WHAT NEEDS TO BE DONE:
Take the entries that follow and return exactly the lines from the one holding "Hikari Aurum Glutathione" through the one holding "Nicolaus Klein: Štěstí", both included. Nothing else is needed.

STUDY MATERIAL:
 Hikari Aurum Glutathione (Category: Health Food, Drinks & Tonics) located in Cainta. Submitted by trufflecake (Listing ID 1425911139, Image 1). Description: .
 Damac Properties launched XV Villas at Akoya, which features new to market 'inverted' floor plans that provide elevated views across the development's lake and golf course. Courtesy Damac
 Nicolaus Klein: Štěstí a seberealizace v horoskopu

---

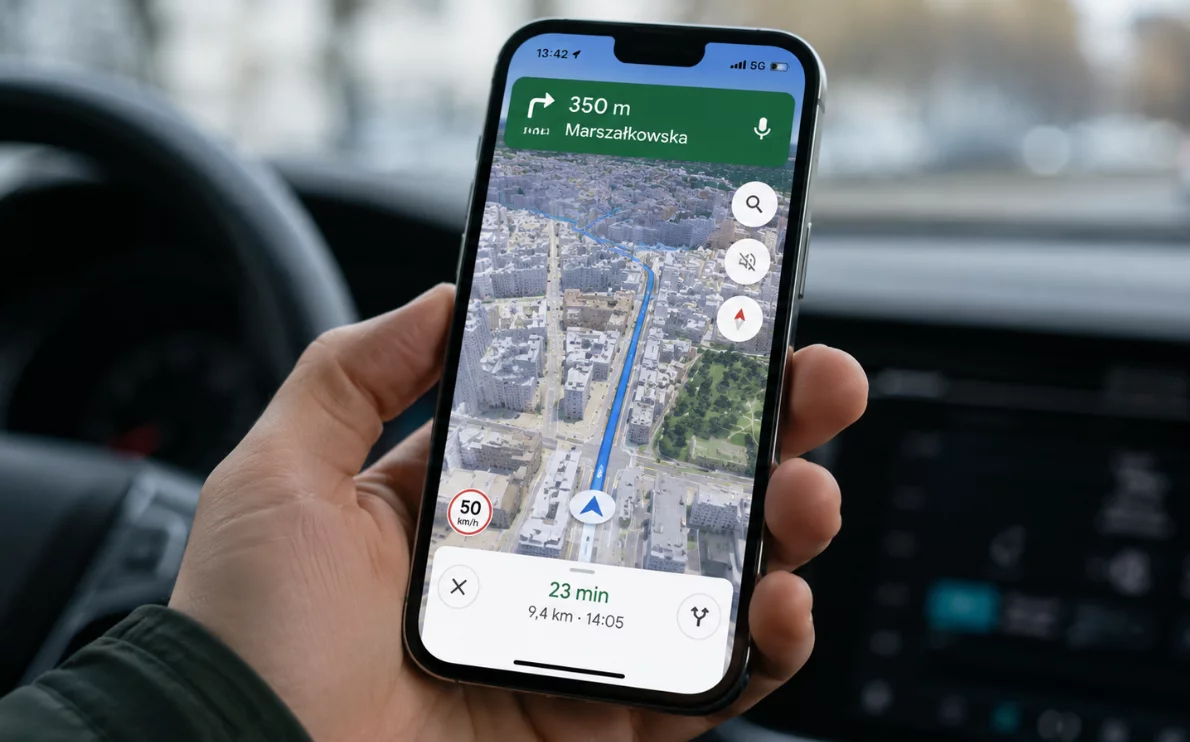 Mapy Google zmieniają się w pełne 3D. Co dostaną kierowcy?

RESPONSE:
 Hikari Aurum Glutathione (Category: Health Food, Drinks & Tonics) located in Cainta. Submitted by trufflecake (Listing ID 1425911139, Image 1). Description: .
 Damac Properties launched XV Villas at Akoya, which features new to market 'inverted' floor plans that provide elevated views across the development's lake and golf course. Courtesy Damac
 Nicolaus Klein: Štěstí a seberealizace v horoskopu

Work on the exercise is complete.